Estes números vêm à tona no momento em que o governo federal endurece as regras para drogas ilícitas — a proposta aprovada no Senado e no aguardo de sanção presidencial regula temas como a possibilidade de internação compulsória de dependentes químicos e o aumento da pena mínima para traficante que comandar organização criminosa, de cinco para oito anos de reclusão.
Segundo os dados deste levantamento da Fiocruz, cerca de 1,3 milhão de brasileiros declararam já ter usado crack uma vez na vida, número consideravelmente mais baixo do que os que afirmaram já ter utilizado algum tipo de opiáceo. Entretanto, pesquisadores afirmam que a comparação dos dados entre um e outro deve ser feita com cautela, já que o uso do crack se dá, sobretudo, em cena aberta, em que a maioria dos usuários está em situação de rua, enquanto a pesquisa da Fiocruz usou a metodologia do inquérito domiciliar, em que o sujeito responde face a face a uma entrevista. Foram feitas 16 mil entrevistas em 351 cidades brasileiras.
Falta de comparação com estudos anteriores é apontada como problema
Desde 2017, quando o levantamento foi concluído, a pesquisa é mantida em sigilo, tornando-se pública agora apenas depois de a imprensa acessar os documentos.
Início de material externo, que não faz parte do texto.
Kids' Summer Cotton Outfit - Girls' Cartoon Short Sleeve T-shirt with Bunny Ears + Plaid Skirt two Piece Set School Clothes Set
Segundo o Ministério da Justiça, órgão que encomendou o trabalho, o estudo não pode ser "reconhecido" pelo governo, pois não teria cumprido a exigência de comparabilidade com estudos anteriores (de 2001 e 2005), feita no edital de R$ 7 milhões que custeou o estudo. A Fundação, em resposta, apresentou dois suplementos oferecendo comparações, alertando, no entanto, que os estudos adotam amostras distintas.
Especialistas ouvidos pela reportagem do jornal O Globo afirmam que o engavetamento só pode ser explicado por ele não confirmar que o Brasil vive uma epidemia de drogas, como costuma afirmar o ministro da Cidadania, Osmar Terra. Ao jornal carioca, o ministro afirmou que não iria se pronunciar sobre este assunto.